This is one of those song-by-song reviews of the first time a reviewer hears an album you’ll see here sometimes, except I’m not limiting myself to 140 characters because I have lots of pent-up brain “activity” to dump out. I like this format because it’s like an experiment and I can use the scientific method.
Problem: It’s nice out and you should be listening to music. There’s an album by an amazing songwriter out there that won’t get loads of press because it was just released on Bandcamp and the artist doesn’t get to tour that much. Also, I’ve run out of regular sentences and need some kind of altered framework to force myself to write the review. Can the lazy music reviewer convince his audience to give this gem of an independent album a listen? (Listen to it yourself on Barnett’s Bandcamp; you don’t even have to read this review!)
Background Research: Branden Barnett is the songwriter and lead singer for Columbus Ohio indie rock band Ghost Shirt.
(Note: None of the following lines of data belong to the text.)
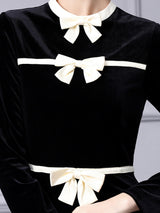 Black Velvet Long Sleeve Mother Of The Bride Dress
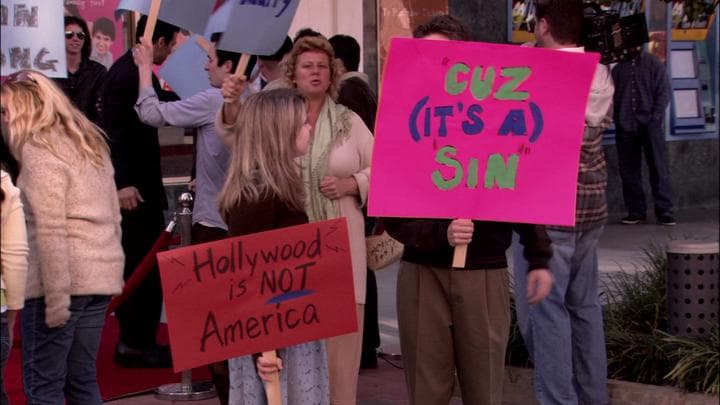 And Ann in a protest at the theater.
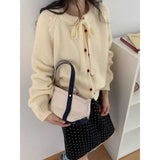 KANING Lazy Wind Bows Solid-Colored Knitted Cardigan 2026 Autumn And Winter New Korean Wearing Sweater Coat Women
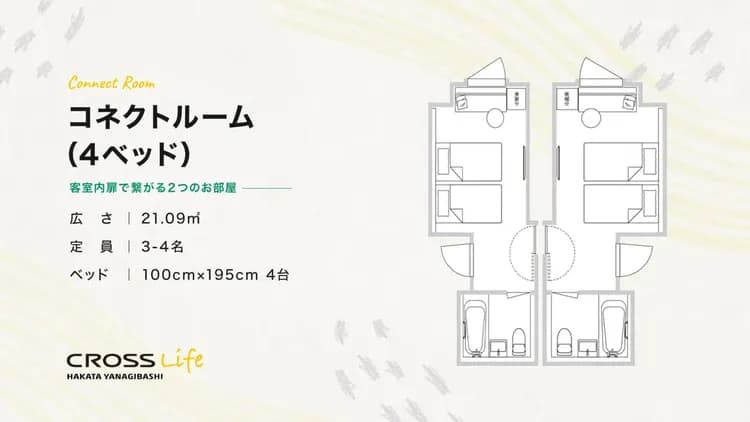 博多柳橋Cross Life飯店｜渡邊通站步行7分/方便至天神地下街-7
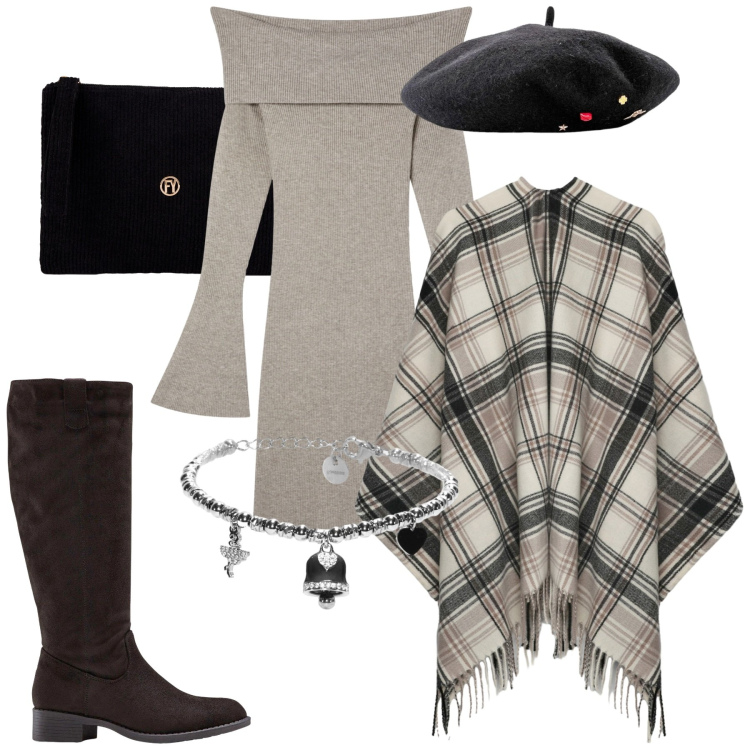 Outfit donna - Serata tra amiche. Stile Sporty chic per Serata fuori. Abbinamento con cappelli e berretti, stivali, vestiti corti, cappotti, braccialetti, valigie.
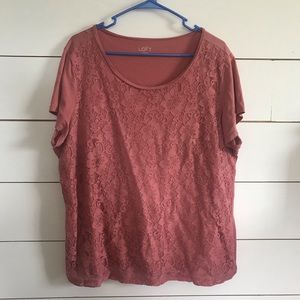 4/$25 Loft Salmon Pink Lace Soft Tee size XL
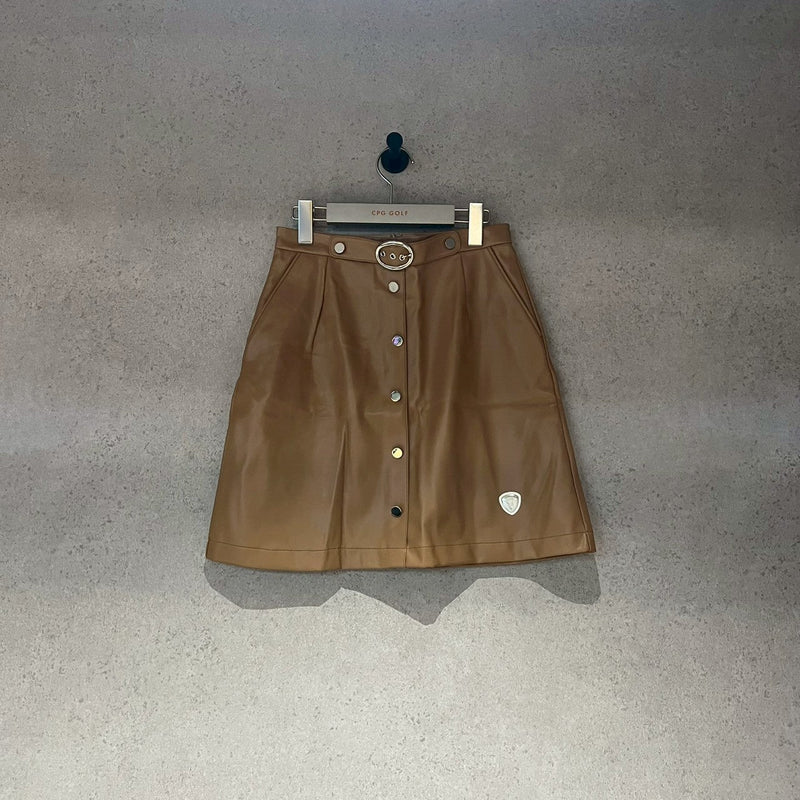 【Sample】ベルト付きフェイクレザーストレッチスカート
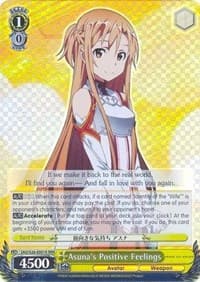 Asuna's Positive Feelings (RRR) - Sword Art Online Vol.2 - Weiss Schwarz card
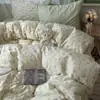 Juego de cama de cuatro piezas estilo Ins hecho de algodón puro, apto para madres y bebés, Clase A, para dormir sin ropa, incluye sábana bajera y funda de edredón, juego de tres piezas para estudiantes de dormitorio, estilo sábana bajera ajustable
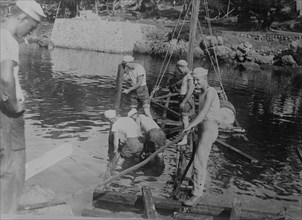 U.S. sailors build targets, between c1915 and c1920. Creator: Bain News Service.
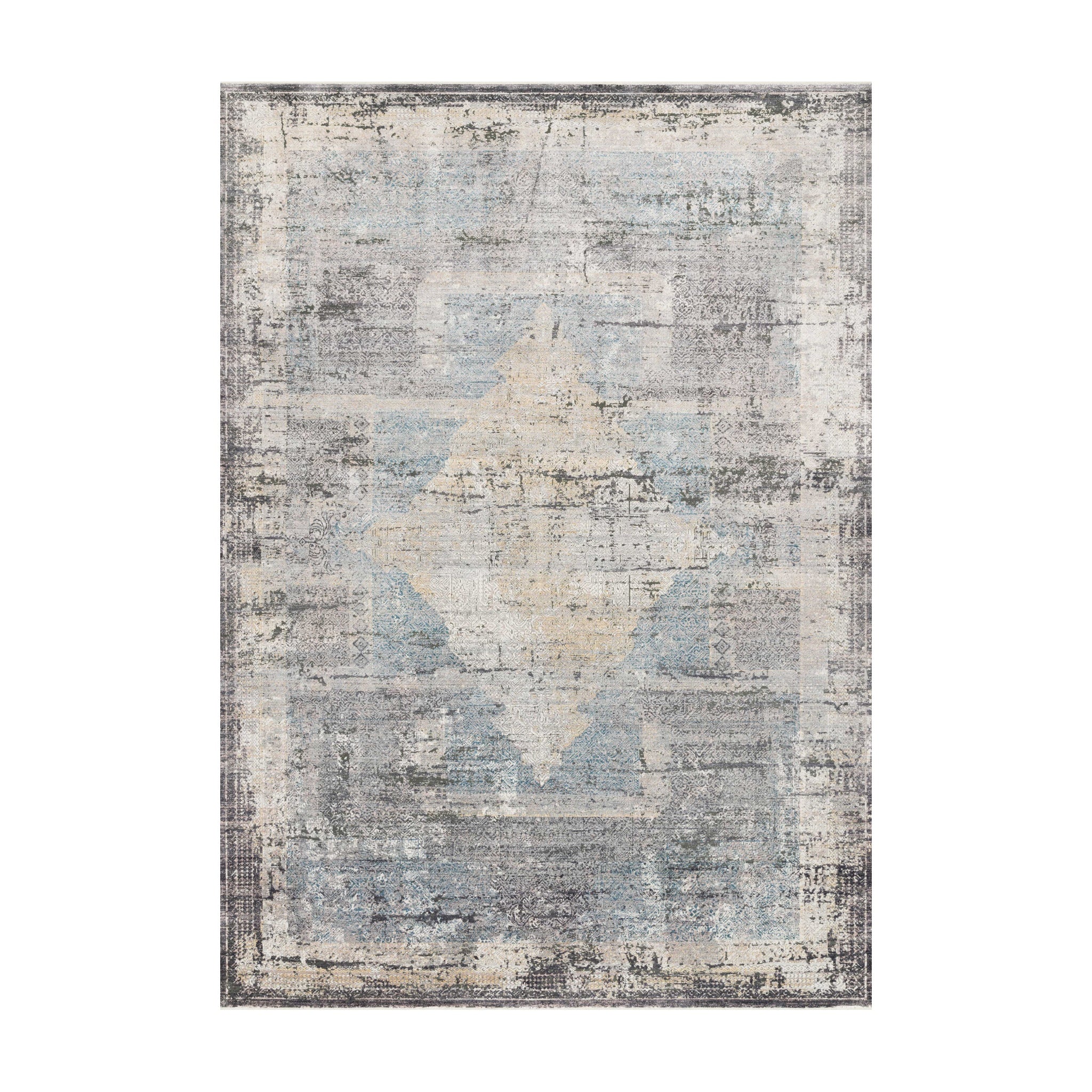 Loloi Gemma Charcoal / Multi Rug RUGS - synthetic Loloi 18" x 18"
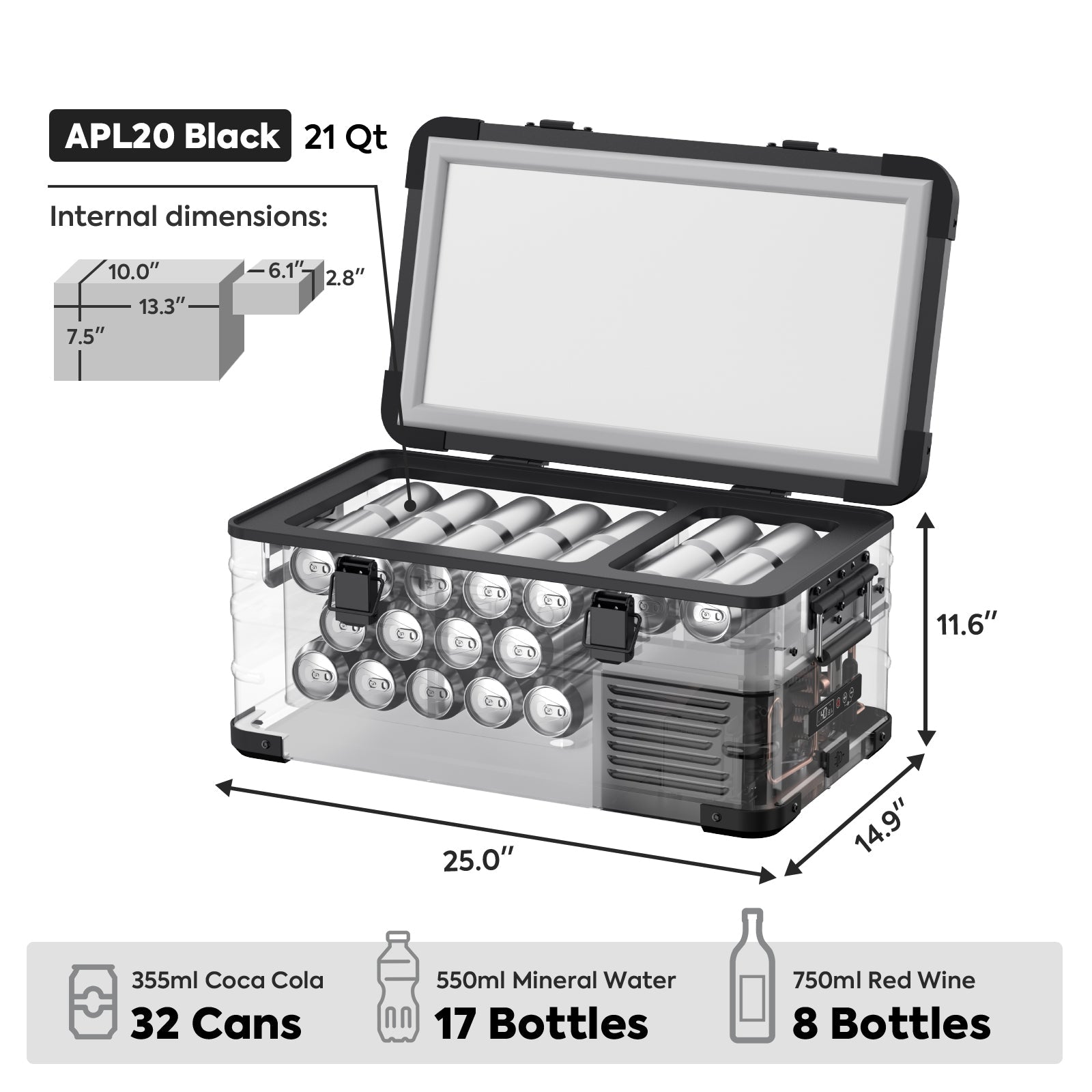 21QT APL20 Black Single Zone Aluminum Freezer With Magnetic Power Bank | ICECO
Up front, I love Ghost Shirt. “History of the Radio” is a “Heroes and Villains“-grade great song. Barnett and co. followed it up with one of the decade’s best albums, Daniel. I’m serious about how much I love Ghost Shirt. If you take out the occasional Leonard Cohen update, Ghost Shirt is better than any band covered on Pitchfork. They should be college rock legends by now. They haven’t been as active since they attempted a 52 songs in 52 weeks campaign in 2010, but instead wound up with the concept album, Daniel; since then, Barnett has been working on his solo album, Verse, Chorus, Curse, which he funded through Kickstarter. Barnett also produced Shane Sweeney’s The Finding Time.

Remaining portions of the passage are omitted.